Là-bas, au pied du volcan endormi, Tâtahouyne surgit soudain d’une méga-bulle de brouillard épais et grisâtre.

Tâtahouyne : cité recherchée par les exilés en quête d’un refuge pour échapper à la sombre nuit, aux bêtes sauvages, aux criminels. Ici vivent des hommes de toutes tribus, toutes langues, toutes nations. Ici, les réfugiés peuvent se trouver une petite place, rassembler leurs miséreuses solitudes meurtries affamées d’amour, se baisser pour ramasser des miettes de paix et de douceur de vivre. Du moins, le croient-ils…

Parce que Tâtahouyne est une ville orgueilleuse, un lieu de vies délabrées, égoïstes et arrogantes où l’on tente d’échapper à Dieu, et à l’autre, par tous les moyens.

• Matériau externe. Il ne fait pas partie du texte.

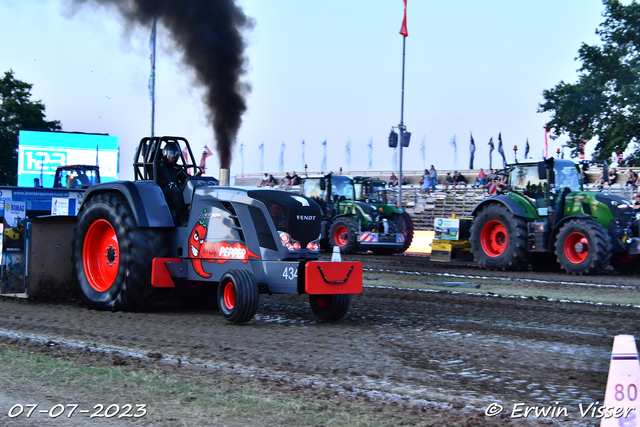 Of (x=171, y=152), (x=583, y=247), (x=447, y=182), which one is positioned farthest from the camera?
(x=447, y=182)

Tous.

Ici aussi le pouvoir s’acquiert par la force et la ruse, par la violence avide de plaisirs éphémères, de profits vite faits. Incendies de voitures ; destruction d’abris-bus ; tags sinistres sur les murs ; pillages de magasins ; racket des passants. Des fumées malodorantes s’élèvent des rues…

Enfermées dans un labyrinthe d’egos multiples, des hordes, soumises à l’unique loi de leurs pulsions, se déchaînent en beuglant, violant et tuant.

Fiévreux, à grand renfort de gémissements douloureux, un vieux chien cherche son maître bien aimé à travers rues et ruelles étroites.

Les dévastateurs dénués d’empathie vivent en troupeaux. Peut-être pour se donner du courage, ou témoigner leur valeur.

Haletant, la truffe rasant le bitume, la queue basse, le vieux chien erre entre les voitures calcinées, les poubelles éventrées, les ordures, les bouts de verre éparpillés.

Privés de sentiment, de tout ce qui fait d’un homme un humain, les barbares sont à l’affut, crayonnant un scénario pour exprimer librement leur soif.

Tandis que le vieux chien zigzague entre les obstacles, la meute humaine est prête. Ses désirs se succèdent, tel un marteau qui frappe inlassablement l’enclume. Nul ne se pose la question fondamentale de son existence.

Alors alarmes et vidéo-surveillance s’affolent. Perdent le contrôle, subitement incapables de garantir la survie de l’humanité. Chantent sirènes ! Tournent et tournent gyrophares aveuglants. Policiers-robocop. Pompiers empressés.

Un œil se risque à une fenêtre. La peur est partout ; dehors ; dedans ; dans les esprits ; partout.

L’homme est tantôt un homme parmi les autres, tantôt un animal. Regard vide. Crocs acérés. Il vocifère : « Ce qui t’appartient, je le veux ! En le voyant dans ta main, il me devient vital ! »

Mini citadine. Scooter. Portable ou cornet de glace changent de propriétaire. Pas de cri. Pas un mouvement. Tout le monde tremble. Personne ne risque sa vie pour un bouquet de fleurs ; surtout s’il ne lui appartient pas. Chacun pour soi et Dieu pour celui qui Lui fait confiance !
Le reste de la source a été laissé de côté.